I. What is Calculus? Calculus is the branch of mathematics that deals with the finding and properties of derivatives and integrals of functions, by methods originally based on the summation of infinitesimal differences. a. Differential Calculus – concerned with the determination, properties, and application of derivatives and differentials. b. Integral Calculus – concerned with the determination, properties, and application of integrals. II. Brief History of Calculus Calculus was created by Isaac Newton, a British scientist, as well as Gottfried Leibniz, a self-taught German mathematician, in the 17th century.
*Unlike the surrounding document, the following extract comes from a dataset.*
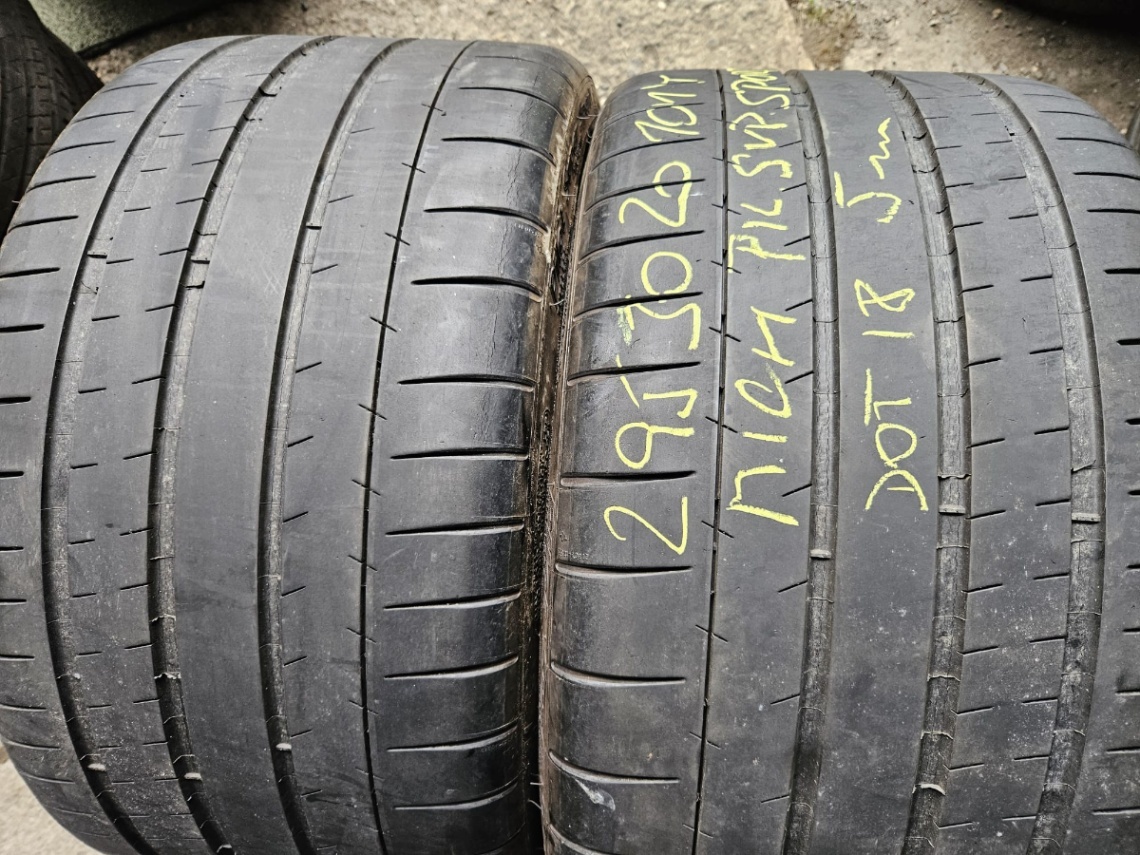 295/30R20 - 15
It has been long disputed who should take credit for inventing calculus first, but both independently made discoveries that led to what we know now as calculus. Newton discovered the inverse relationship between the derivative (slope of a curve) and the integral (the area beneath it), which deemed him as the creator of calculus. Thereafter, calculus was actively used to solve the major scientific dilemmas of the time, such as:

a. calculating the slope of the tangent line to a curve at any point along its length b. etermining the velocity and acceleration of an object given a function describing its position, and designing such a position function given the object’s velocity or acceleration c. calculating arc lengths and the volume and surface area of solids d. calculating the relative and absolute extrema of objects, especially projectiles For Newton, the applications for calculus were geometrical and related to the physical world – such as describing the orbit of the planets around the sun. For Leibniz, calculus was more about analysis of change in graphs.

Leibniz’s work was just as important as Newton’s, and many of his notations are used today, such as the notations for taking the derivative and the integral. III. Applications of Calculus With calculus, we have the ability to find the effects of changing conditions on a system. By studying these, you can learn how to control a system to make it do what you want it to do. Because of the ability to model and control systems, calculus gives us extraordinary power over the material world. Calculus is the language of engineers, scientists, and economists.

The work of these professionals has a huge impact on our daily life – from your microwaves, cell phones, TV, and car to medicine, economy, and national defense. Credit card companies use calculus to set the minimum payments due on credit card statements at the exact time the statement is processed by considering multiple variables such as changing interest rates and a fluctuating available balance. Biologists use differential calculus to determine the exact rate of growth in a bacterial culture when different variables such as temperature and food source are changed.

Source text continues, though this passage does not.